わがままからで良いのかと自覚できた1冊

わがままからで良いのかと自覚できた1冊

Twitterでデザイナーの前田高志さんが紹介されていた本『考具』が気になったので読んでみました。



読み始めてまず最初にハッとしたのがこの言葉。

“デザインはわがまま→思いやり”

(出典:加藤昌治:考具 (2003) p.22)


これはグッドデザイン賞の審査委員長でもあるインダストリアルデザイナーの川崎和男さんの言葉。この順番がとても大事で、まずデザイナーである自分自身の思いが先、それからその思いを社会に適合させていくことが大切だと書かれていました。

長いことデザイナーをしていて、最初から相手の要望に合わせることを優先してしまう癖が全身にビッチリとこびりついている自覚大アリで…。
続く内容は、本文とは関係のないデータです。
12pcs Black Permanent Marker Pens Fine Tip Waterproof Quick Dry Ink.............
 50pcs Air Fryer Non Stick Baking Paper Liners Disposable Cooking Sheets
クライアントは喜んでくれていたので嬉しいは嬉しかったけれど、何となくモヤモヤがあった時はこの考えが抜け落ちてたからだったのかなと思いました。

正解を探している時ほど人はどんどんクリエイティブじゃなくなってくるので、目の前の課題を自分事化し『自分はこうしたい!』の気持ちを原動力にして、自分も楽しみながら企画を進められるようにしていきたい…ずいぶん時間はかかったけれど、この本で言葉にしてもらい、そのことを自覚することが出来てとても良かったです。

この川崎さんの言葉が全てのアイデア・企画の出発点。ここから著者の加藤昌治さんが実践されているさまざまな『考具』が紹介されてましたが、どれもすぐにでも実践できるものばかり。
『すり替え』『言い訳』『ほんの少しの強制力』アイデアを思いつくまでの敷居の高さをこれらのパワーを上手く使って低くすることが大事とも記されていてなるほどなと。特に『ほんの少しの強制力』で情報を絞ることで、自分が気になっている情報が向こうからこっちに飛び込んでくる感覚ってそういえばあったあった。

まず私は『アイデアマラソン』を毎日寝る前にノートに書き出し始めてみました。何日か書いた分を見返すと本気でくだらないことばかりしか書いて無いですが(笑)、考えている時間は普段ボーッと過ごしている時よりも何かをキャッチしやすくなっている感覚があってとても楽しい。あともう1つ気になった考具『マンダラート』も近々やってみよう。

『考具』を読み終わると『日常生活のどこでもアイデアだらけじゃないか!』という感覚になれたような気がします。(当社比) またその感覚を忘れてアイデアに行き詰まり始めた時に手に取れるとこに鎮座してもらって、末長くお世話になろうそうしようと思ってます。

良き1冊と出会えて嬉しかったです。
ご紹介いただきありがとうございました!

考具 著者:加藤昌治

error: Content is protected !!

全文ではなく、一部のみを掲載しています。